Graph of data generated from both constructs plotted on the y axis vs. cellular data. Coloring by binding mode: type II (red), type IVa (blue), and type IVb (green). Shape and shade by construct: plus-JM is darker and designated with +; minus-JM is lighter and designated with −. The minus-JM K_i values differ to the plus-JM for type IV TKIs and not for the two type II TKIs with the largest RDP groups. The type II exception is tivozanib. The minus-JM results fall above the 1:1 line vs. pVEGFR2 cell IC₅₀, a rare circumstance for kinase inhibitors that bind the ATP site.

Fig. 5.

(A) Kinome selectivity tree of Food and Drug Administration-approved VEGFR TK drugs in RCC. Circle sizes are inversely proportional to fold selectivity ratios calculated as (K_i for kinase)/(plus-JM K_i). (B) x axis broken after 0.1 and 0.8 and contracted.
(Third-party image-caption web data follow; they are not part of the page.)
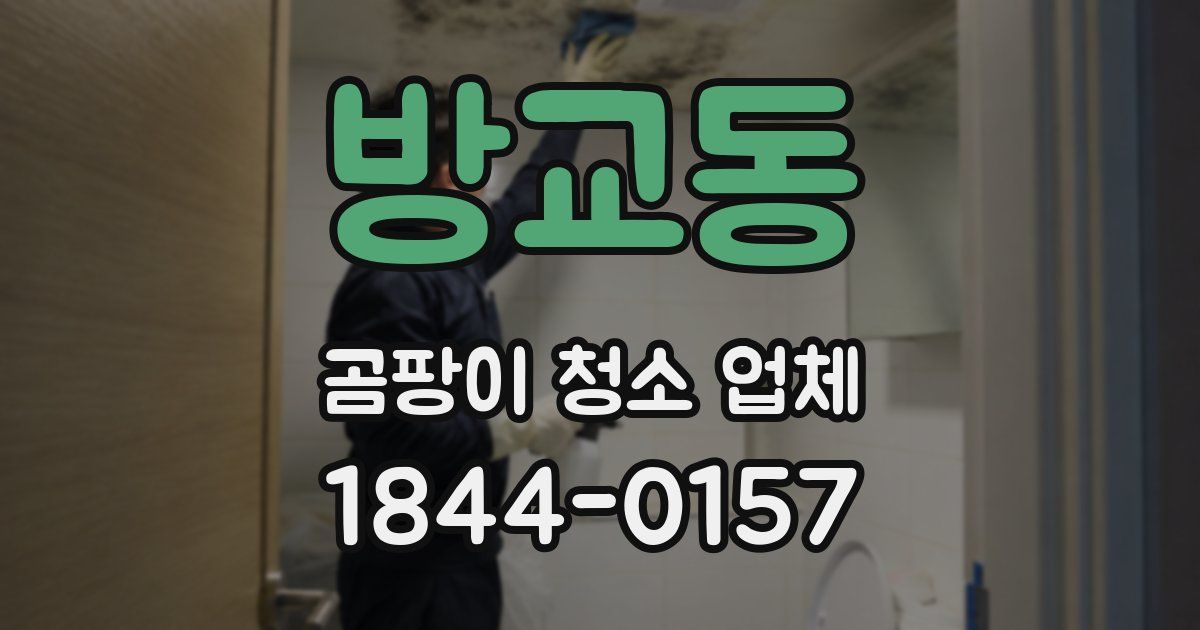 방교동 곰팡이 청소 업체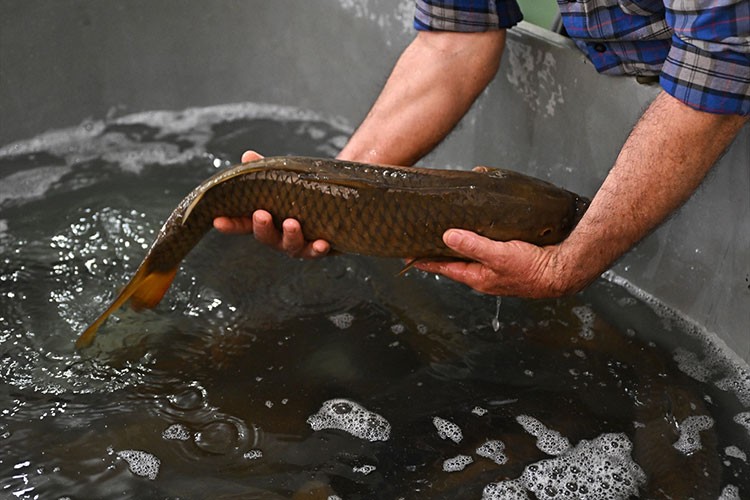 Sazan üretip gölleri balıklandırıyorlar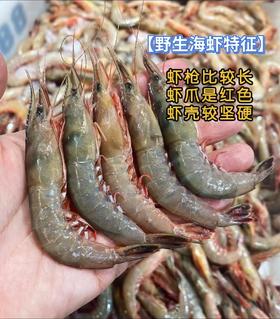 L''小船作业野生剑虾（滑皮虾）220g/盒20-30只！部分带膏~非常好吃！活冻
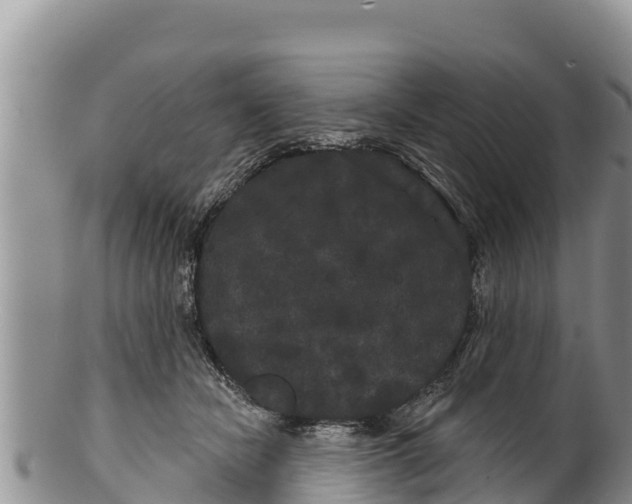 X0000100200462200806201425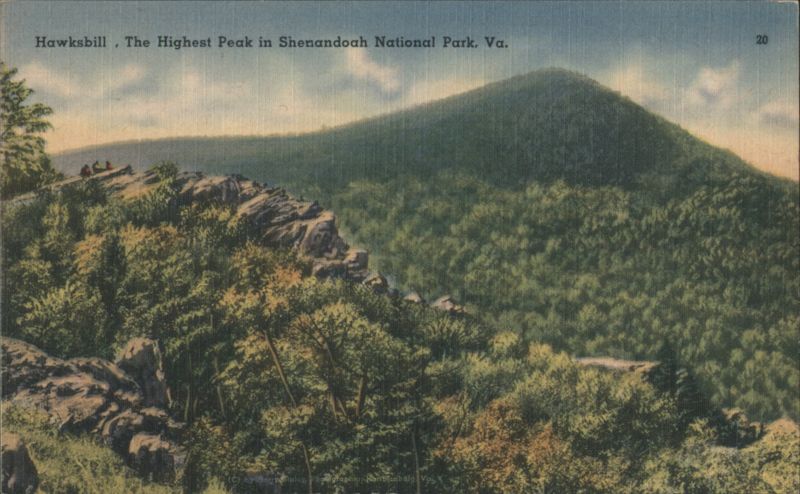 Hawksbill Peak, Highest Peak in Shenandoah National Park Virginia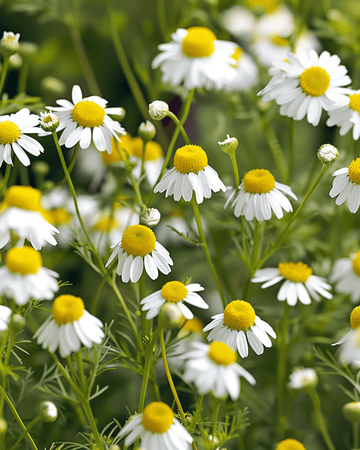 Kamomillansiemenet (Matricaria chamomilla) – yksivuotinen yrtti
Coloring indicates channel occupancy: yes (blue) and no (red). The KPI measure of selectivity correlates with LipE for channel binders.

Fig. 6.

The five TKI/plus-JM complexes are vertically aligned to depict the similarities of ATP site occupancy and differences in the interactions with the channel and RDP. The translucent skins are protein surfaces generated for each complex and colored by atom type. (A–E) The TKIs are ordered from top to bottom by the greatest fill of the channel and RDP for (A) sorafenib to the least for (E) sunitinib. Black dashed lines represent hydrogen bonds.

Fig. 7.

A shows the PFS results from cytokine refractory RCC trials (PFS1) plotted against plus-JM LipE. B shows PFS results from mostly first-line RCC studies (PFS2) plotted against plus-JM LipE.